Yarışmalar federasyon tarafından düzenlenir; her turnuva, genellikle katılımcıların kompozisyonunu, turnuva düzenini ve kazananları belirleme kurallarını belirleyen kendi yönetmeliklerini hazırlar.

FIFA

Milli takımlar

  • Dünya Kupası ana uluslararası futbol müsabakasıdır. Şampiyona dört yılda bir yapılmakta olup, turnuvaya tüm kıtalardan FIFA üyesi ülkelerin erkek milli takımları katılabilmektedir.
  • Konfederasyon Kupası, Dünya Kupası'ndan bir yıl önce düzenlenen, milli takımlar arasında düzenlenen bir futbol müsabakasıdır.
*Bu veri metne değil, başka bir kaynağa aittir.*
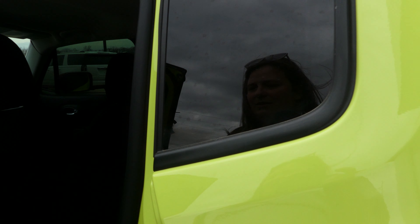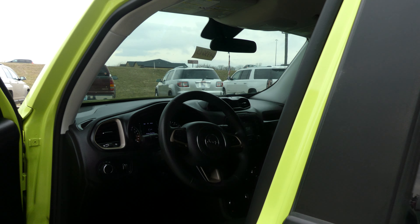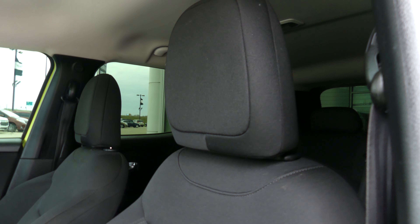Rear passenger seating is this black premium cloth bench. Keyless exterior entry. Same beautiful black upholstered cloth with the Jeep logo on the interior front bucket seats — black on black interior.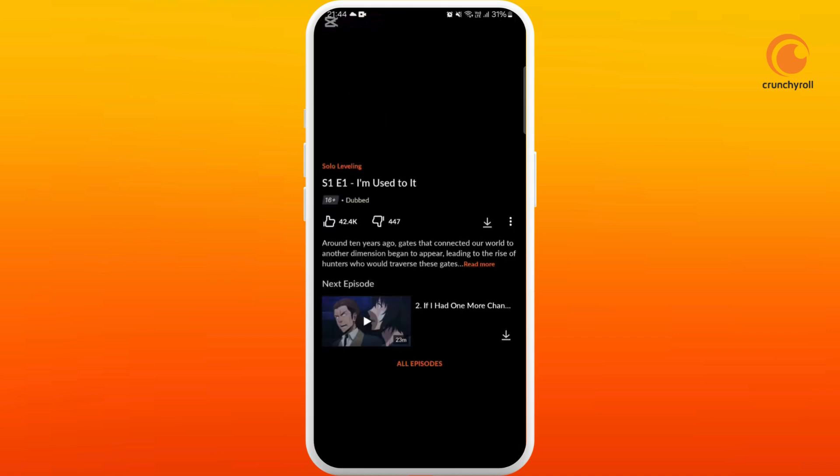Another thing: if you are using Crunchyroll on your browser and you have ad blockers installed on your phone, you need to disable the ad blockers and also the VPN if you have any. If that doesn't work, you can also try to restart your device — that might also fix the issue.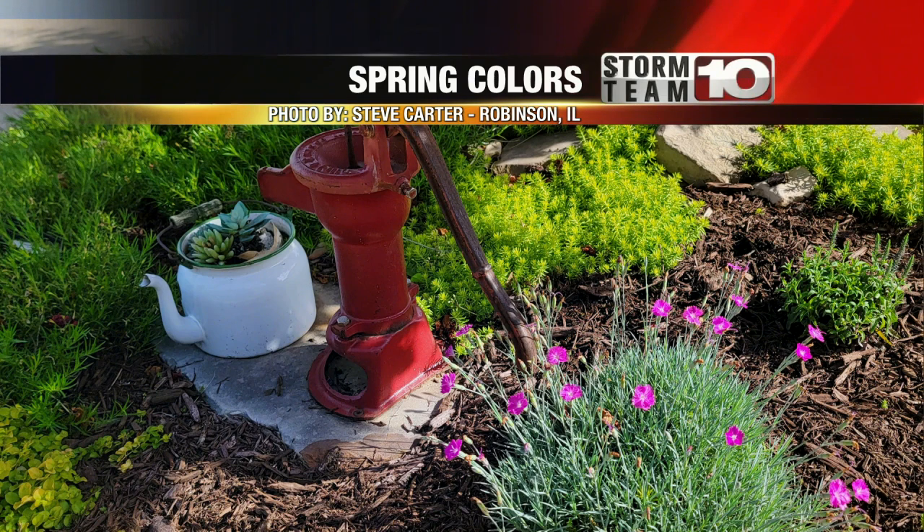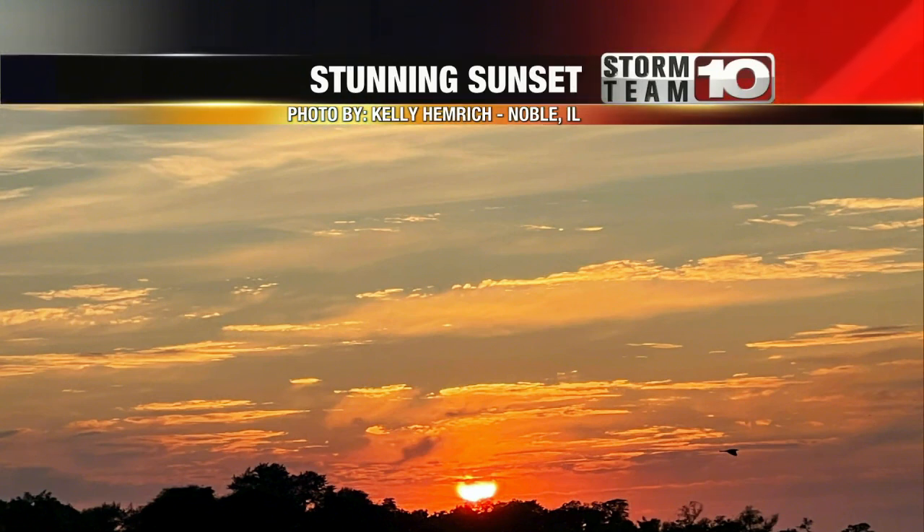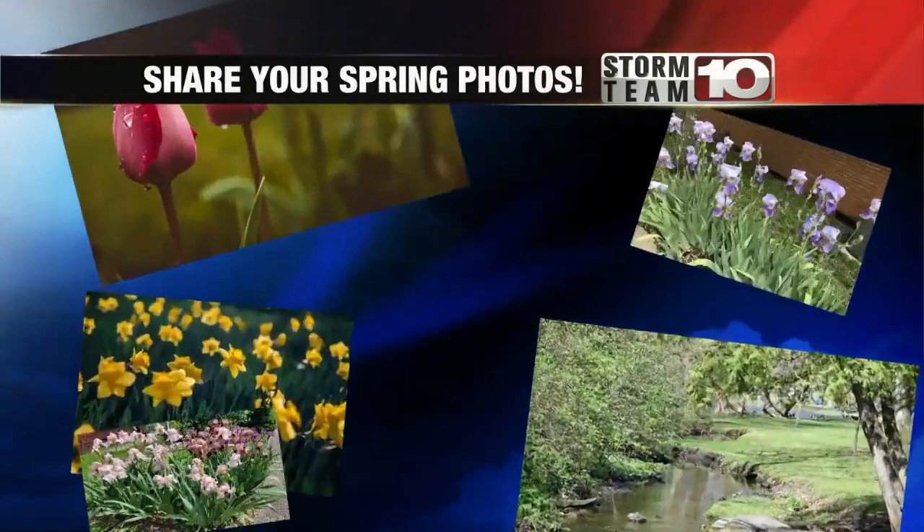Now, take a look at this stunning sunset. Kelly Hemrich from Noble, Illinois — and there's a goose flying there as well, sort of on the right-hand side of your screen. I really like that picture a lot. Thank you, Kelly, for sending that in.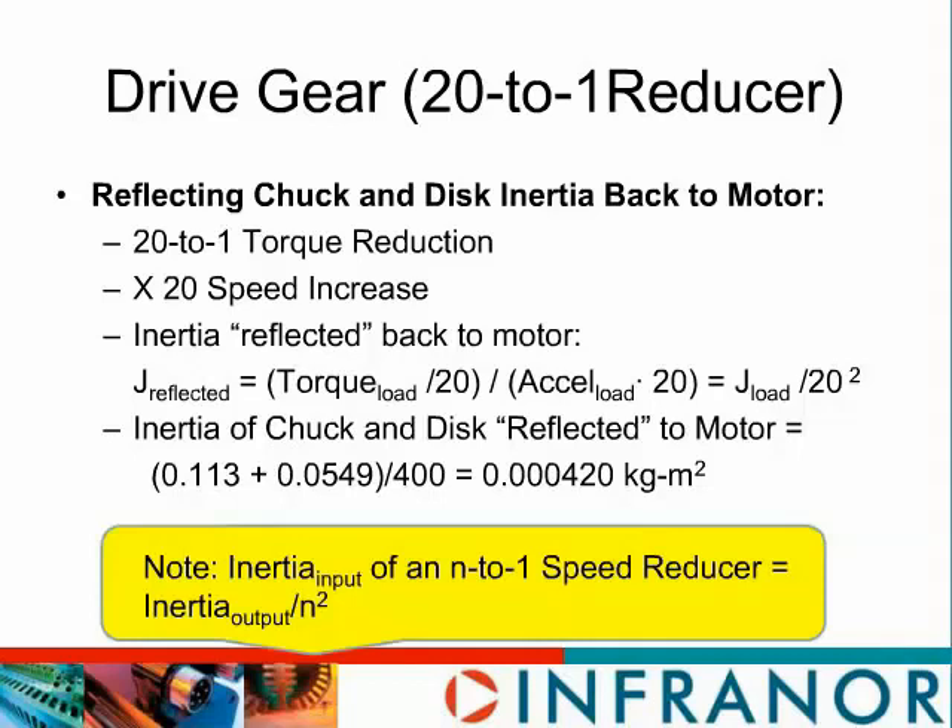Taking the sum of the disc inertia and the chuck inertia and dividing by 400, we get 0.00042 kg·m². As an important note: any time you have a speed reduction — either with a belt or with a gear — the inertia reflected back to the motor is reduced by that gear reduction squared. So you can get big benefits by having a gear reduction, especially with a motor that can run at high speed.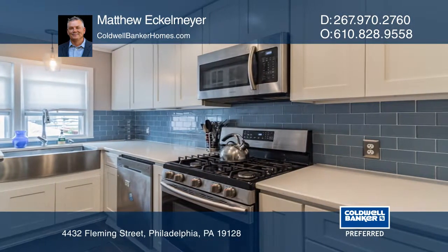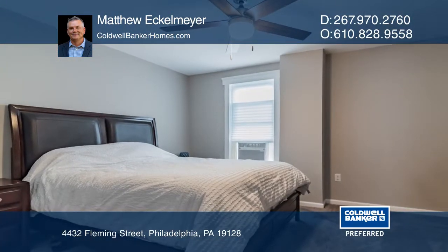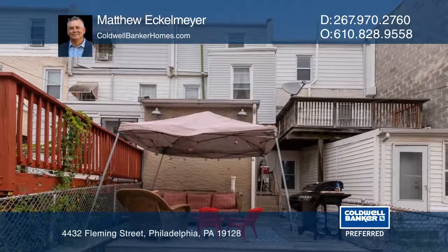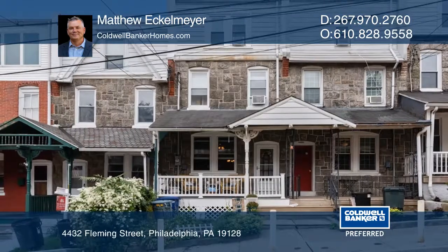Four additional bedrooms are located on the second and third floors. Enjoy your time outside on the floating wooden deck in the backyard or on the front porch. Matthew Eckelmeier would love to give you a private tour.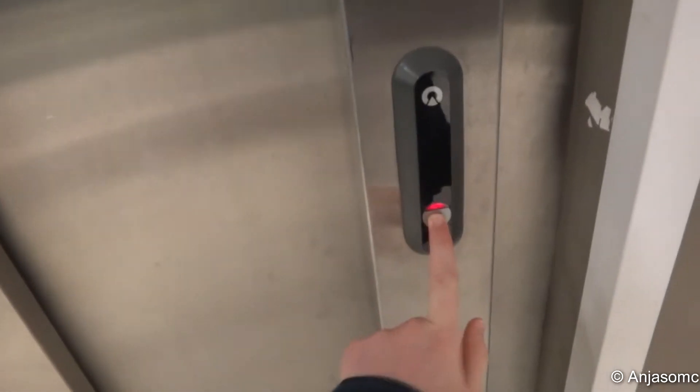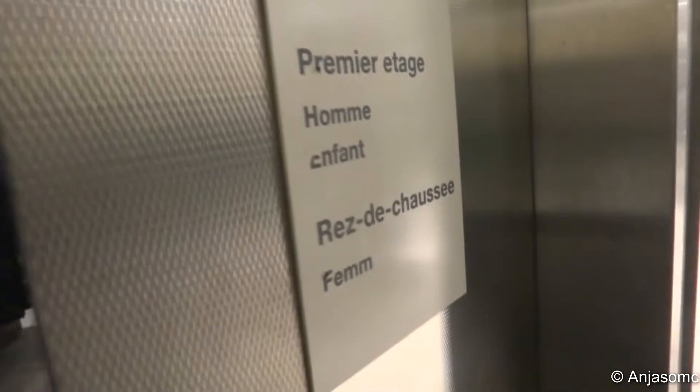This is the lift in H&M in Bologna. It looks like it's only got two floors, so let's go up to one. Can we push the button as well? I like that.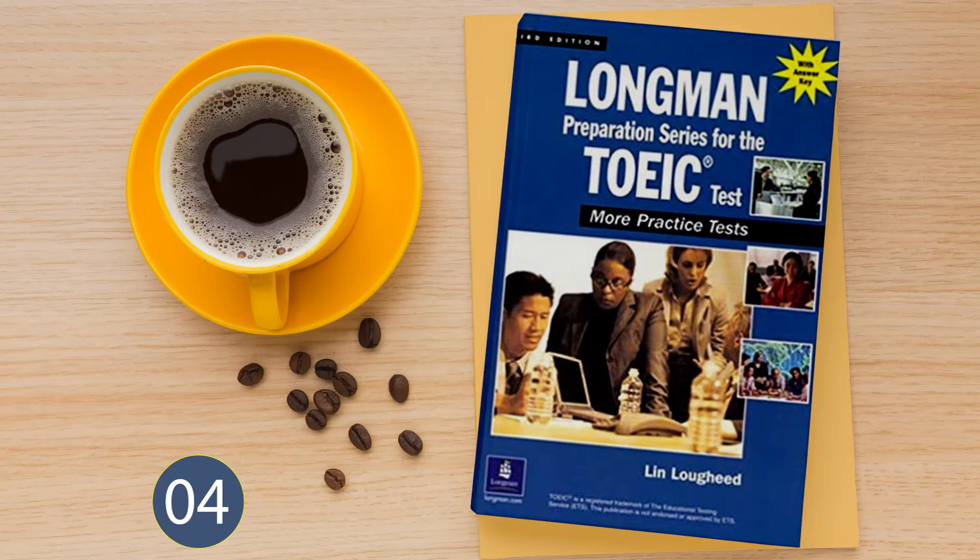Longman Preparation Series for the TOEIC Test, More Practice Tests, 3rd Edition. Practice Test 4, Listening Comprehension. In this section of the test, you will have the chance to show how well you understand spoken English. There are four parts to this section with special directions for each part.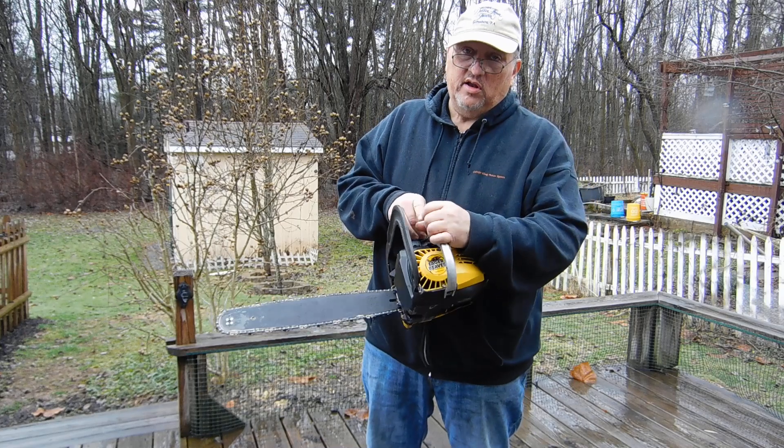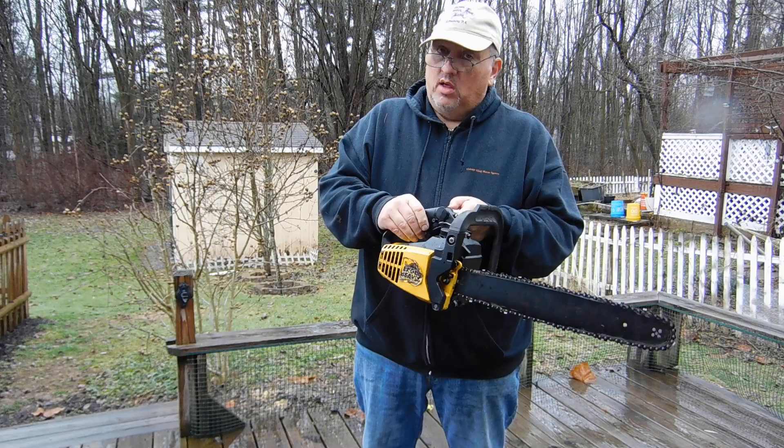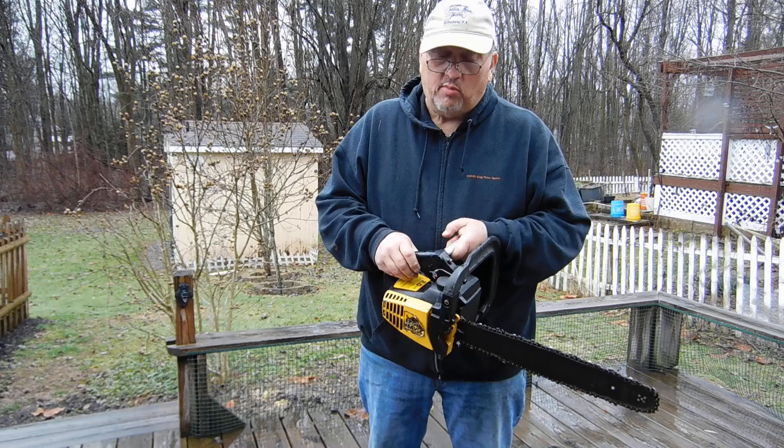This is a very nice vintage McCullough Eager Beaver Chainsaw. It would be a great saw for use around the yard or around the shop — small jobs.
Dünya Şampiyonası'na ev sahipliği yapan ülkede düzenleniyor. Şampiyonaya 8 takım katılıyor: Kıta şampiyonasının galibi, Dünya Şampiyonasının galibi ve organizatör ülkenin takımı.
  • Olimpiyat Oyunları
  • FIFA Dünya Kulüpler Kupası, altı kıta konfederasyonunun en güçlü temsilcileri arasında her yıl düzenlenen bir yarışmadır.

UEFA

Milli takımlar

  • Avrupa Şampiyonası, UEFA liderliğindeki milli takımların ana müsabakasıdır. Şampiyona dört yılda bir yapılıyor.
  • UEFA Şampiyonlar Ligi, Avrupa'nın en prestijli yıllık kulüp futbol turnuvasıdır.
  • UEFA Avrupa Ligi, UEFA'ya bağlı Avrupa futbol kulüpleri için en önemli ikinci turnuvadır.
  • UEFA Süper Kupası, bir önceki sezon UEFA Şampiyonlar Ligi ve UEFA Avrupa Ligi'ni kazananların karşı karşıya geldiği tek maçlı bir şampiyonadır.

CONMEBOL

Milli takımlar

  • Amerika Kupası, CONMEBOL himayesinde bölge ülkelerinin milli takımları arasında düzenlenen bir şampiyonadır.
  • Copa Libertadores - Kupa, adını Amerika'daki İspanyol kolonilerinin Bağımsızlık Savaşı'nın tarihi liderlerinden almıştır. Bölge ülkelerinin en iyi kulüpleri arasında düzenleniyor.
  • Copa Sudamericana, Copa Libertadores'tan sonra Güney Amerika'daki en önemli ikinci kulüp turnuvasıdır.
  • Güney Amerika Recopa, kıtasal Süper Kupanın eşdeğeridir. Turnuva, en önemli iki kulüp turnuvasının - önceki sezonun Copa Libertadores ve Copa Sudamericana - kazananlarını içeriyor.

CONCACAF

Milli takımlar

  • CONCACAF Gold Cup, Kuzey, Orta Amerika ve Karayipler ülkelerinin katıldığı bir futbol turnuvasıdır.
  • CONCACAF Şampiyonlar Ligi, Kuzey ve Orta Amerika ile Karayipler'deki en iyi kulüpler arasında her yıl düzenlenen futbol şampiyonasıdır.

Futbol yapıları

Futbolun ana organı İsviçre'nin Zürih şehrinde bulunan FIFA'dır (Uluslararası Futbol Federasyonu). Küresel ölçekte uluslararası turnuvalar düzenliyor.

Kıta organizasyonları:

  • CONCACAF (Kuzey, Orta Amerika ve Karayipler Futbol Federasyonu) - Kuzey ve Orta Amerika ve Karayip ülkelerinin futbol konfederasyonu,
  • CONMEFBOL (CONfederacion sudaMEricana de FutBOL) - Güney Amerika Futbol Konfederasyonu,
  • UEFA (Avrupa Futbol Federasyonları Birliği), Avrupa futbol federasyonlarının oluşturduğu bir birliktir.
  • CAF (Afrika Futbol Konfederasyonu) - Afrika Futbol Konfederasyonu,
  • AFC (Asya Futbol Konfederasyonu) - Asya Futbol Konfederasyonu,
  • OFC (Okyanusya Futbol Konfederasyonu), Okyanusya Futbol Konfederasyonudur.
2016-06-26

Konuyu olabildiğince eksiksiz bir şekilde ele almaya çalıştık, böylece bu bilgiler mesajlar, beden eğitimi raporları ve "Futbol" konulu makaleler hazırlanırken güvenle kullanılabilir.